American geoengineer

Klaus S. Lackner is the Founding Director of the Center for Negative Carbon Emissions (CNCE) and a professor in School of Sustainable Engineering and the Built Environment at Arizona State University. He is scientific advisor to Carbon Collect Limited (name changed from Silicon Kingdom Holdings Limited in April 2021), and senior science advisor to Aircela Inc. He is a pioneer in carbon management and is the first to suggest capturing carbon dioxide from air in the context of addressing climate change.

His works include demonstrating and improving passive methods to remove carbon dioxide from the atmosphere, integrating air capture technology with applications for using carbon dioxide, exploring safe and permanent disposal options for carbon dioxide, and identifying opportunities for automation and scaling.As of 28 December 2019 his publications have been cited 12771 times and his h-index is 53.

Previously, he was the director of the Lenfest Center for Sustainable Energy at the Earth Institute. and Faculty in the Earth and Environmental Engineering department at Columbia University from 2001-2014. Along with CNCE executive director Allen Wright, he co-founded one of the first privately held air capture companies—Global Research Technologies (GRT)—in Tucson, Arizona where they demonstrated the moisture swing.

Prior to his academic work he held appointments at the theoretical division of Los Alamos National Laboratory for nearly 17 years.

His idea of the self-replicating machines along with his colleague, Christopher Wendt, was featured in 1995 by Discover Magazine as "One of the 7 Ideas that can Change the World."

He has also invented the Mechanical Tree which is designed to soak up passively the carbon dioxide from the air.

==Mechanical trees==
Klaus designed the prototype Mechanical Tree (also referred to as a Synthetic Tree or Fake Tree,) which was on display at the 'Our Future Planet' temporary exhibition at the Science Museum, London from May 2021 until September 2022. The technology consists of sorbent tiles which cyclically are extended into the air and then retracted for regeneration. The sorbent tiles passively soak up the carbon dioxide from the air using 'passive direct air capture' (PDAC) technology and are claimed to be 1,000 times more efficient than natural trees that use photosynthesis. Subsequently the carbon dioxide captured can be either sequestered in underground geological formations or sold for industrial use.

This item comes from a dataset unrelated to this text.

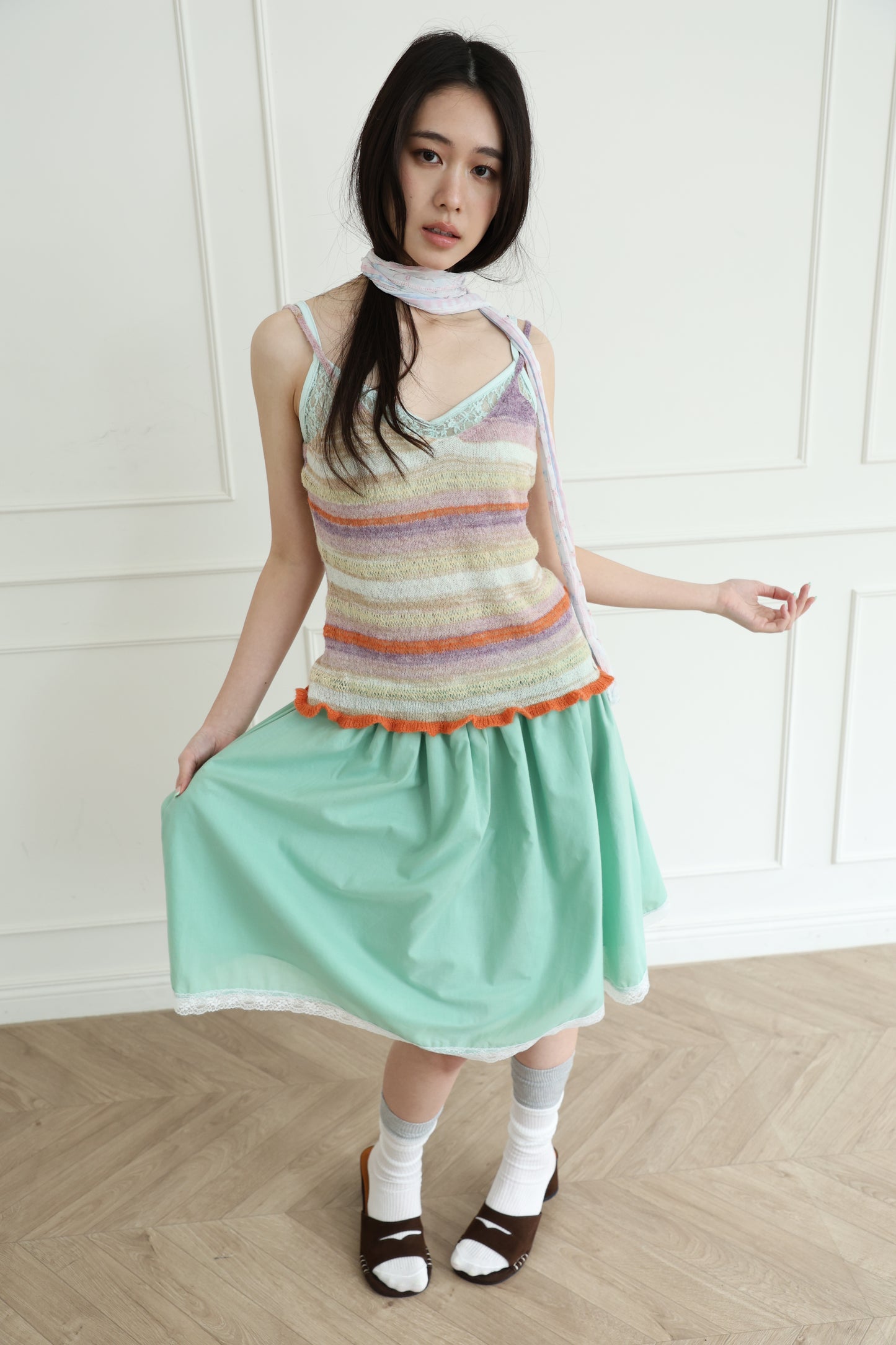 Knit striped spaghetti strap vest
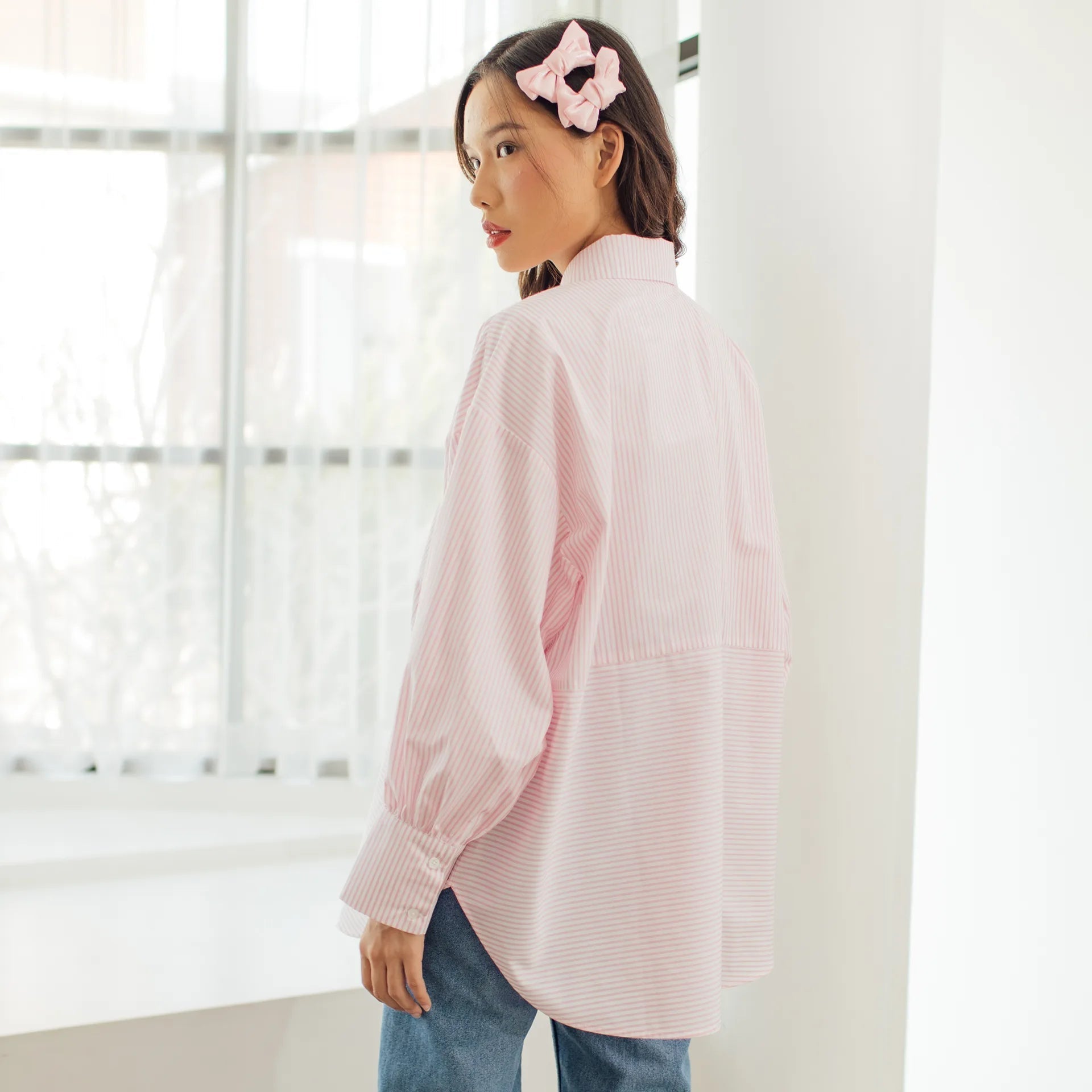 Arvina Stripe Pink Tops | HijabChic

The PDAC and Mechanical Tree technology has been licensed to Carbon Collect Limited by CNCE.

==See also==
Carbon Collect’s MechanicalTree™

==Articles==
- Lackner, Klaus S. (2016). "The Effect of Moisture on the Hydrolysis of Basic Salts"
- Lackner, Klaus S. (2016). "Capture CO2 from Ambient Air Using Nanoconfined Ion Hydration"
- Lackner, Klaus S. (2012). "The urgency of the development of CO2 capture from ambient air"
- Lackner, Klaus S. (2010). "Washing carbon out of the air"
- Lackner, Klaus S. (2009). "Capture of carbon dioxide from ambient air"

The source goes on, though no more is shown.